** EXERCISE BRIEF **
Restate word for word the lines of the records below, starting at the line that contains "A LARGE LLADRO" and ending at the line that contains "adidas Originals Rivalry", with both of those lines included and nothing else.

Caption-style text data
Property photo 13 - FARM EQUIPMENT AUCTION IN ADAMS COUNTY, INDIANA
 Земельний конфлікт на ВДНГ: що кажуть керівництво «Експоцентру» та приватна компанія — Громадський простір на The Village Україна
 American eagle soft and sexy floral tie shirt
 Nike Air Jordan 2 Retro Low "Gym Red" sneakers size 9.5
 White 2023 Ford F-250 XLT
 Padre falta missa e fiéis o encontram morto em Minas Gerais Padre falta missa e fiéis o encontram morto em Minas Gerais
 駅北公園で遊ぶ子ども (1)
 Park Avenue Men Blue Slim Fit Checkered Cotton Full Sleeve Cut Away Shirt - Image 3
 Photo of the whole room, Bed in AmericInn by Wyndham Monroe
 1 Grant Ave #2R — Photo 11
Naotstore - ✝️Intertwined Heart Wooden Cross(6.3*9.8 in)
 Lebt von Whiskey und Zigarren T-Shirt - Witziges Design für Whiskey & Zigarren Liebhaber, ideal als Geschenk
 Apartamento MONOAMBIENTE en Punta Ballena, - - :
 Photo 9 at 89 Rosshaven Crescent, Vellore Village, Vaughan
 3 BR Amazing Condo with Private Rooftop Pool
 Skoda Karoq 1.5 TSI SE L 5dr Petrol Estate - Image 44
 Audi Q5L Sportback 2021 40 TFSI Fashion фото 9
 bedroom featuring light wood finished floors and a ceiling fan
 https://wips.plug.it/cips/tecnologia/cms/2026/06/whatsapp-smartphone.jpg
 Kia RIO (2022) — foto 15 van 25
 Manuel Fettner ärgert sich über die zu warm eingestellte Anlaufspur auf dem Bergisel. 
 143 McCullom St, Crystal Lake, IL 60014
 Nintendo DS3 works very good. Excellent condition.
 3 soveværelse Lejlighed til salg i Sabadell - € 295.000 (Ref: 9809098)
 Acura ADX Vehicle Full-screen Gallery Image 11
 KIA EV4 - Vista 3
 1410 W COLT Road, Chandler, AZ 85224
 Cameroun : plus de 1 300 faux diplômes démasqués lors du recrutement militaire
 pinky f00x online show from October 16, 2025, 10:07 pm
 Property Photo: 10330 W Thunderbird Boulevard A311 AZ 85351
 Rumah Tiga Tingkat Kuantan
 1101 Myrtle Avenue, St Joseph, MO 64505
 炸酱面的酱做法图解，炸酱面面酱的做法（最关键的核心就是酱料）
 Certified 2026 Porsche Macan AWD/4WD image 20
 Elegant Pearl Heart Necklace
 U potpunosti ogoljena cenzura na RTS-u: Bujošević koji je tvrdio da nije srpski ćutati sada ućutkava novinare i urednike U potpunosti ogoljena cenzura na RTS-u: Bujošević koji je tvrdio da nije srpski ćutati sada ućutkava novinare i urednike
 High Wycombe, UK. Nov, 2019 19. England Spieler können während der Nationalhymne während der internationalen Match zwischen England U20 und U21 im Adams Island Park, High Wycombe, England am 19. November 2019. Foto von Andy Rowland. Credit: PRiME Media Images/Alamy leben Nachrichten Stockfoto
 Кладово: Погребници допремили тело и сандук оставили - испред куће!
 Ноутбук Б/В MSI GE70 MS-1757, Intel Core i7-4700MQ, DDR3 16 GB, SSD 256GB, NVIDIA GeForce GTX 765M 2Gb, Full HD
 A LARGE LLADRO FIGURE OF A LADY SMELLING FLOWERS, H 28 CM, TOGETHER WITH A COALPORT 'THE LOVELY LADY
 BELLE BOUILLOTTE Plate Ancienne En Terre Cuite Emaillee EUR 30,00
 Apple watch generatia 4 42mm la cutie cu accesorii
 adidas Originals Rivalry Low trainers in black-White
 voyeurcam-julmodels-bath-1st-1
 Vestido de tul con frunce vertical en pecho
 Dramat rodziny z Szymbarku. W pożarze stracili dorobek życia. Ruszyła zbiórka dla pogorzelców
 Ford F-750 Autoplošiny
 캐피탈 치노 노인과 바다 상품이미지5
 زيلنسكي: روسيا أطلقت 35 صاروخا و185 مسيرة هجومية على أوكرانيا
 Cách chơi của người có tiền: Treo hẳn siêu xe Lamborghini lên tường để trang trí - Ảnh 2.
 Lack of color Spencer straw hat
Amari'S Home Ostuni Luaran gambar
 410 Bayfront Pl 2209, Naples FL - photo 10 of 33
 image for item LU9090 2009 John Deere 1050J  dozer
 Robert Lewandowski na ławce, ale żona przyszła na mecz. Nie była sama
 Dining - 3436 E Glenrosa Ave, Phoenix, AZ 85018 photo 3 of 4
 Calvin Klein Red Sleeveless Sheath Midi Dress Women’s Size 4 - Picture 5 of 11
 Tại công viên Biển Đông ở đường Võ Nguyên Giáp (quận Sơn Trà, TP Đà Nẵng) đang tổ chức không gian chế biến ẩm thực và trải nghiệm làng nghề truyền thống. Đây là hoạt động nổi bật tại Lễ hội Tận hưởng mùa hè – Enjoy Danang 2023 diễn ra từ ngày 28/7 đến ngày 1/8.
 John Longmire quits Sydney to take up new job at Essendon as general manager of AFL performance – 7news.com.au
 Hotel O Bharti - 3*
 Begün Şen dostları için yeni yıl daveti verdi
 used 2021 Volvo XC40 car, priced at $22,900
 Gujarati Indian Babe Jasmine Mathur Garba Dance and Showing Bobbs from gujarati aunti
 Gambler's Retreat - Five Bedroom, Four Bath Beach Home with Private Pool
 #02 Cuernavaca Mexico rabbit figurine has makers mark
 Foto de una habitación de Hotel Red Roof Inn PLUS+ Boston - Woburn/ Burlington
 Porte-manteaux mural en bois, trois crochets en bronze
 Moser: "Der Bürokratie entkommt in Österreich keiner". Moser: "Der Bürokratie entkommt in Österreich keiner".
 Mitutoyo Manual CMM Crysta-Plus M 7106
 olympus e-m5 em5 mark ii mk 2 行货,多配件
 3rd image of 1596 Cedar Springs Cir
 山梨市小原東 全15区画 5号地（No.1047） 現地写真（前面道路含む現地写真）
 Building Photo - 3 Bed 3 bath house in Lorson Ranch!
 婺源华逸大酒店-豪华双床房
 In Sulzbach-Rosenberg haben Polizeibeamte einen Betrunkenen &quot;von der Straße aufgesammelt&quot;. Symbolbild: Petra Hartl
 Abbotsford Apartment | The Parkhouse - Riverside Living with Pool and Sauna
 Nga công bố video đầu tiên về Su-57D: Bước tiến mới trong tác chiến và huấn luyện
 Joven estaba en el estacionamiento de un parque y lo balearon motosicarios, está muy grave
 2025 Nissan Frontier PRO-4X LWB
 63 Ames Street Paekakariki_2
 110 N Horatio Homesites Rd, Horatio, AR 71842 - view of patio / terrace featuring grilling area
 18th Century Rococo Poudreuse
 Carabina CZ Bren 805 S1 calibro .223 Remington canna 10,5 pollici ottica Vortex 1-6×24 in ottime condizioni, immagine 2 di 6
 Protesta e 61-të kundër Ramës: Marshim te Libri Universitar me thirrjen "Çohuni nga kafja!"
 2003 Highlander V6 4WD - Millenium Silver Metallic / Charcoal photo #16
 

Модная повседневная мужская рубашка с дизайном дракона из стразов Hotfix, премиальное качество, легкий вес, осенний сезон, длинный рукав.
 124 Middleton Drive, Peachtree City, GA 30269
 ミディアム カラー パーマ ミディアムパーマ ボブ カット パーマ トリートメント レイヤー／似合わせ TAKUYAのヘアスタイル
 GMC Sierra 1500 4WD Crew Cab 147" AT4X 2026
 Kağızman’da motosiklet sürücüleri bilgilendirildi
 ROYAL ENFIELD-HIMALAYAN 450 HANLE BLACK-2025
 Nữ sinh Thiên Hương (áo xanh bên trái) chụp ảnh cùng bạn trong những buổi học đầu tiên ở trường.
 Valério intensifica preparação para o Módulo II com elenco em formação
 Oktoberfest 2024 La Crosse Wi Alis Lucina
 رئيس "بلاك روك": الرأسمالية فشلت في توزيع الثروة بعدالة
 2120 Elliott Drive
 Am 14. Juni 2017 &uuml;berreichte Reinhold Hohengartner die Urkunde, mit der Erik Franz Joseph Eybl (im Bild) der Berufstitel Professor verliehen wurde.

** EXPECTED ANSWER **
 A LARGE LLADRO FIGURE OF A LADY SMELLING FLOWERS, H 28 CM, TOGETHER WITH A COALPORT 'THE LOVELY LADY
 BELLE BOUILLOTTE Plate Ancienne En Terre Cuite Emaillee EUR 30,00
 Apple watch generatia 4 42mm la cutie cu accesorii
 adidas Originals Rivalry Low trainers in black-White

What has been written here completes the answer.